Doch es war auch ein Trauerzug. Dieser Zug wurde durch eine
gezielte Provokation seitens einer kleinen Gruppe türkischer
Nationalisten ausgerechnet vor den fünf Kastanienbäumen, die heute
in der Baulücke an der Stelle des Brandes für jedes der Opfer
stehen, aufgehalten. Sie formten die Finger einer Hand zu einem
Wolfskopf, das Zeichen der nationalistischen türkischen Vereinigung
der ‚Grauen Wölfe’. „Nach kurzer Rangelei von den linken
Demonstranten in die Flucht geschlagen“, schrieb dazu die
Rheinische Post.
Schlagartig wurde das ganze Dilemma deutlich. Die faschistischen
„Grauen Wölfe“ werden als Organisation hierzulande ebenso
geduldet wie die NPD und andere. Wie sie sind sie mittels eines
V-Leute-Systems eng mit dem Staat verbunden. Der Historiker Stefan
Stracke berichtete über das System des „tiefen Staates“ in der
Türkei, das mit V-Leuten aus Militär und Polizei sowie
Gemeindiensten verbrecherisch operiert, sich faschistische Gruppen
wie die Grauen Wölfe zunutze macht. Auch in Solingen haben V-Leute
operiert und mit einer Kampfsportschule die rassistischen jungen
Mörder trainiert. „Betriebsunfall“ des Staatsschutzes nannte
man den Brandanschlag später. Das V-Leutesystem blieb erhalten –
bis heute.
Und so konnte auch die NPD in diesen Tagen ungestört von
Eingriffen der Regierungspolitik ihren Parteitag abhalten. Das war
ein Parteitag des großen Augenzwinkerns: Der wiedergewählte
Parteiführer kritisierte „gewalttätige Wählerschrecks“, und
gleichzeitig wurden dessen Anführer wieder in den Vorstand
gewählt. Jürgen Rieger, Anführer der höchst gewalttätigen NPD
von Hamburg – man denke an den 1. Mai 2008 – und Exponent des
Nazi-Finanzsystems mit immer sprudelnden Quellen, wurde gar
Stellvertreter des Führers Udo Voigt.
Auch Innenminister Wolfgang Schäuble war in Solingen.

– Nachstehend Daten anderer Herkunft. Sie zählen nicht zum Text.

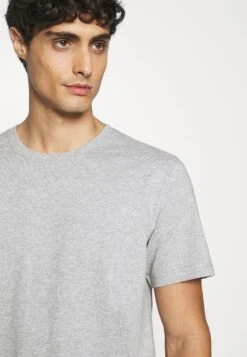 ARKET T-Shirt Basic - Grey Medium Dusty -Arket Mode Shop 9be37135b6ff4085960fee1ee0875492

Natürlich
verlor er in seiner Gedenkrede kein Wort über das mörderische
V-Leutesystem, nannte nicht die Neonazis beim Namen, kennt nur den
Begriff „Extremisten“. Er warb für den Überwachungsstaat, der
gleichzeitig Nazis gewähren lässt: Ohne Sicherheit mittels „Polizeipräsenz“
und „allen Mitteln der technischen Kontrolle“ gäbe es keine
Freiheit.
So bleibt nur der Aufruf von Verdi-Regionalvorsitzendem Wolfgang
Zimmermann als Lösung für uns übrig: Auf die Straße gehen, die
Menschen mobilisieren, bis die rechte Gewalt eingedämmt ist, und
dafür sei auch das NPD-Verbot ein Schritt in die richtige Richtung.